Re: Hash Indexes

From: Amit Kapila <amit(dot)kapila16(at)gmail(dot)com>
To: Jeff Janes <jeff(dot)janes(at)gmail(dot)com>
Cc: Jesper Pedersen <jesper(dot)pedersen(at)redhat(dot)com>, Mithun Cy <mithun(dot)cy(at)enterprisedb(dot)com>, Robert Haas <robertmhaas(at)gmail(dot)com>, pgsql-hackers <pgsql-hackers(at)postgresql(dot)org>
Subject: Re: Hash Indexes
Date: 2016-09-08 04:32:44
Message-ID: CAA4eK1+i4SGP4_XHqdqW-VT9tvUR7B0oy2BjYQVdk1aY1mD3mQ@mail.gmail.com
Views: Raw Message | Whole Thread | Download mbox | Resend email
Thread:
Lists: pgsql-hackers

On Wed, Sep 7, 2016 at 11:49 PM, Jeff Janes <jeff(dot)janes(at)gmail(dot)com> wrote:
> On Thu, Sep 1, 2016 at 8:55 PM, Amit Kapila <amit(dot)kapila16(at)gmail(dot)com> wrote:
>>
>>
>> I have fixed all other issues you have raised. Updated patch is
>> attached with this mail.
>
>
> I am finding the comments (particularly README) quite hard to follow. There
> are many references to an "overflow bucket", or similar phrases. I think
> these should be "overflow pages". A bucket is a conceptual thing consisting
> of a primary page for that bucket and zero or more overflow pages for the
> same bucket. There are no overflow buckets, unless you are referring to the
> new bucket to which things are being moved.
>

Hmm. I think page or block is a concept of database systems and
buckets is a general concept used in hashing technology. I think the
difference is that there are primary buckets and overflow buckets. I
have checked how they are referred in one of the wiki pages [1],
search for overflow on that wiki page. Now, I think we shouldn't be
inconsistent in using them. I will change to make it same if I find
any inconsistency based on what you or other people think is the
better way to refer overflow space.

> Was maintaining on-disk compatibility a major concern for this patch? Would
> you do things differently if that were not a concern?
>

I would not have done much differently from what it is now, however
one thing I have considered during development was to change the hash
index tuple structure as below to mark the index tuples as
move-by-split:

typedef struct
{
IndexTuple entry; /* tuple to insert */
bool moved_by_split;
} HashEntryData;

The other alternative was to use the (unused) bit in IndexTupleData->tinfo.

I have chosen the later approach, now one could definitely argue that
it is the last available bit in IndexTuple and using it for hash
indexes might or might not be best thing to do.
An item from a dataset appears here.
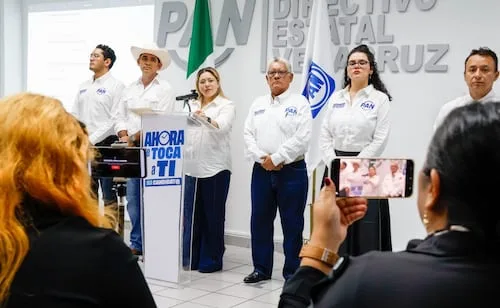 PAN Veracruz habilita plataforma para reportar desabasto médico en IMSS-Bienestar; recopilará casos de cirugías pospuestas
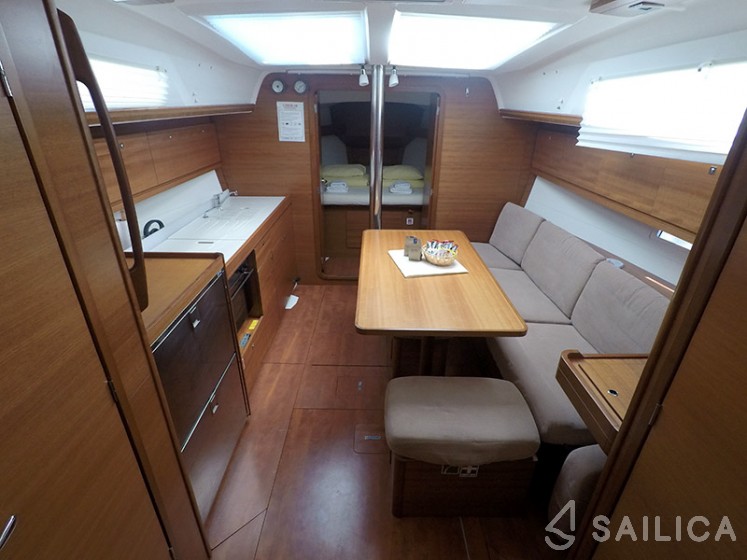 Dufour 382 GL - Yacht Charter Sailica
However, I think it
is also not advisable to break the compatibility if we can use some
existing bit. In any case, the same question can arise whenever
anyone wants to use it for some other purpose.

> In particular, I am thinking about the need for every insert to
> exclusive-content-lock the meta page to increment the index-wide tuple
> count.

This is not what this patch has changed. The main purpose of this
patch is to change heavy-weight locking to light-weight locking and
provide a way to handle the in-complete splits, both of which are
required to sensibly write WAL for hash-indexes. Having said that, I
agree with your point that we can improve the insertion logic, so that
we don't need to Write-lock the meta-page at each insert. I have
noticed some other improvements in hash indexes as well during this
work like caching the meta page, reduce lock/unlock calls for
retrieving tuples from a page by making hash index scans work a page
at a time as we do for btree scans, kill_prior_tuple mechanism is
current quite naive and needs improvement and the biggest improvement
is needed in create index logic where we are inserting tuple-by-tuple
whereas btree operates at page level and also by-passes the shared
buffers. One of such improvements (cache the meta page) is already
being worked upon by my colleague and the patch [2] for same is in CF.
The main point I want to high light is that apart from what this patch
does, there are number of other potential areas which needs
improvements in hash indexes and I think it is better to do those as
separate enhancements rather than as a single patch.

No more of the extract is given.